## Assignment
Since pictures are not wanted, repeat only the text of the records, word for word.

## Data extracts
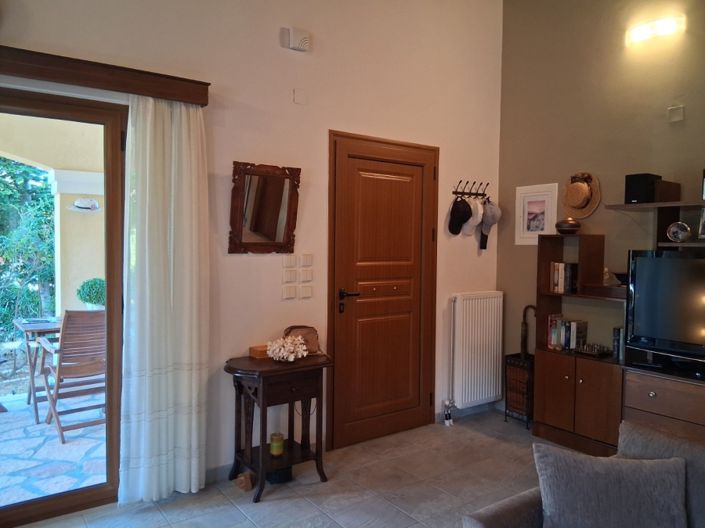 Image No.17-3 Bed House for sale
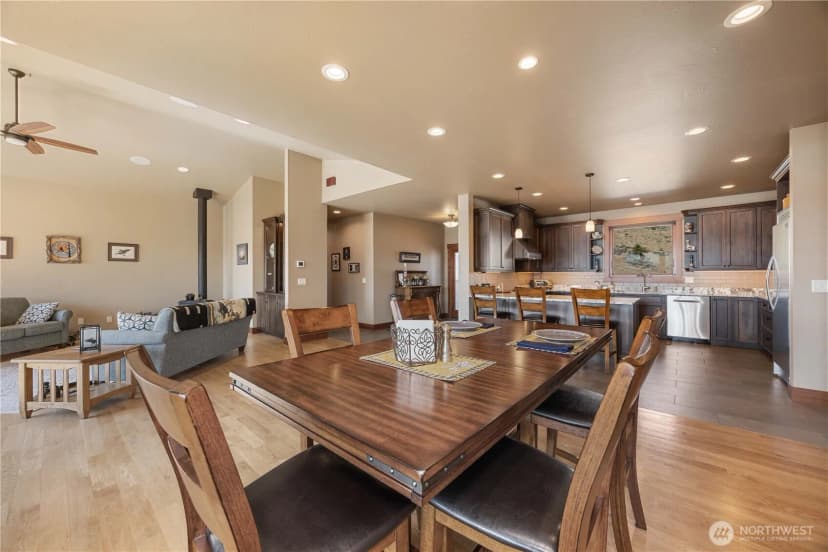 Property photo for 920 Shooting Star Lane, Chelan photo 9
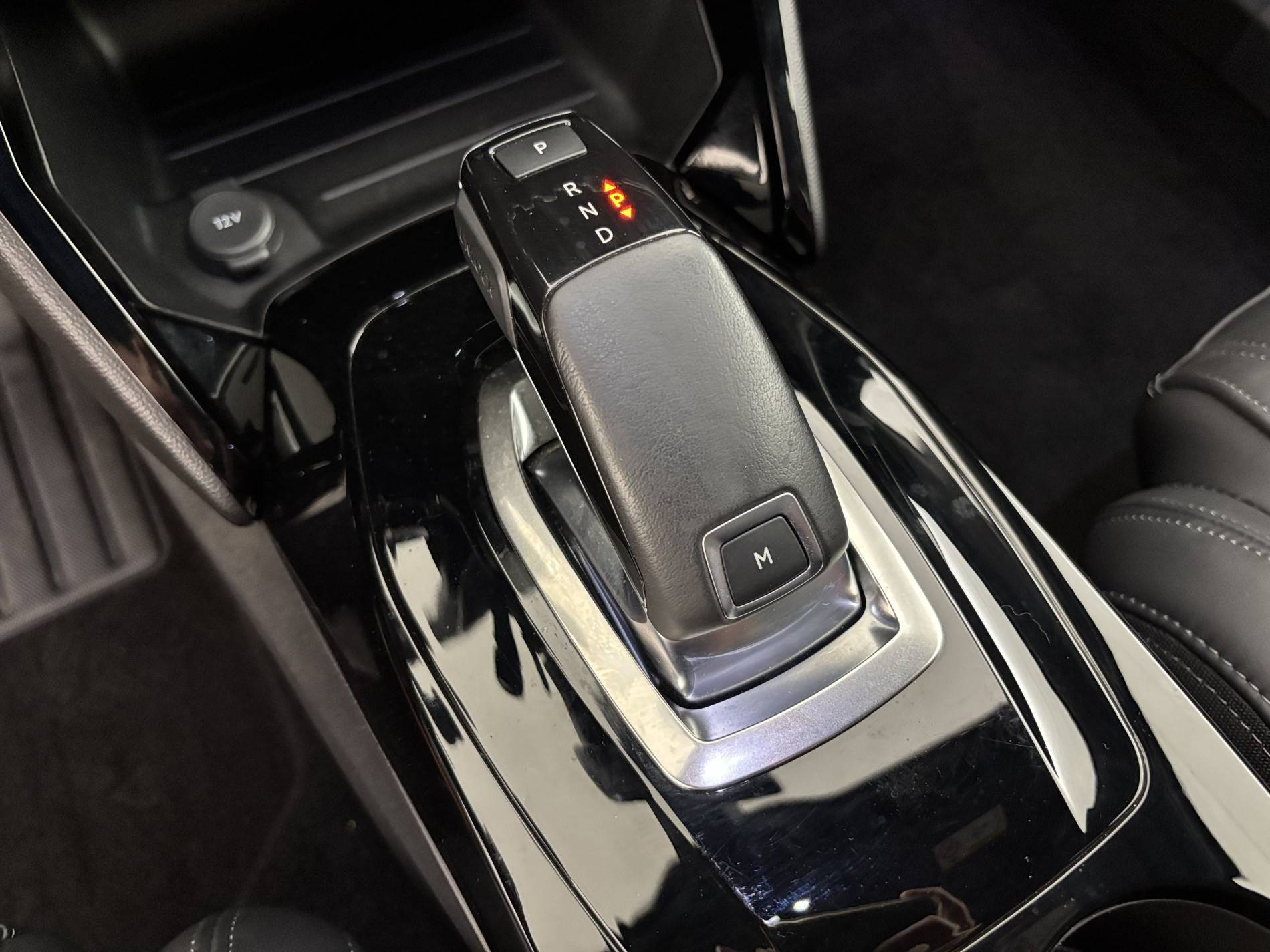 Vente en ligne Peugeot 2008  PureTech 155 S&S EAT8 au prix de 14 590 €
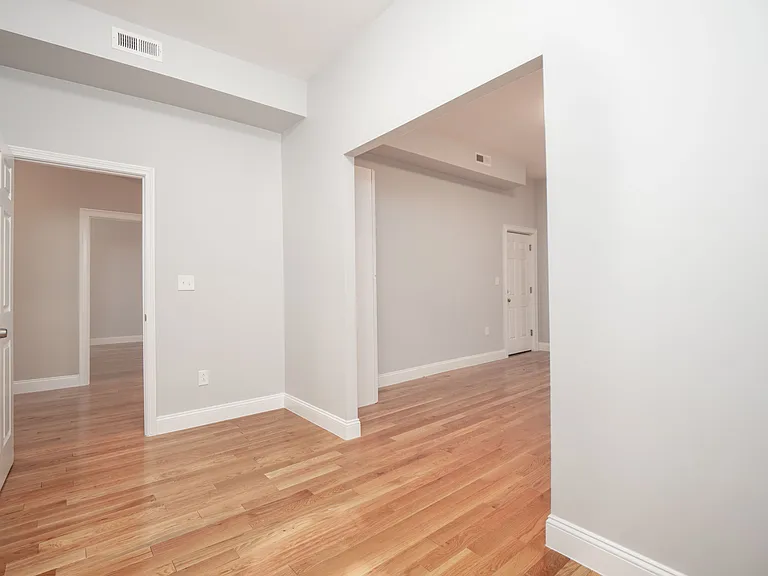 45 Crawford St #1 — Photo 13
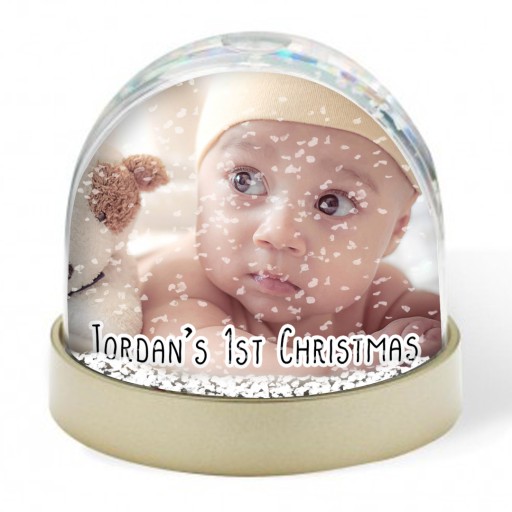 Snow Globe - Babies 1st Christmas Photo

## Exercise response
 Image No.17-3 Bed House for sale
 Property photo for 920 Shooting Star Lane, Chelan photo 9
 Vente en ligne Peugeot 2008  PureTech 155 S&S EAT8 au prix de 14 590 €
 45 Crawford St #1 — Photo 13
 Snow Globe - Babies 1st Christmas Photo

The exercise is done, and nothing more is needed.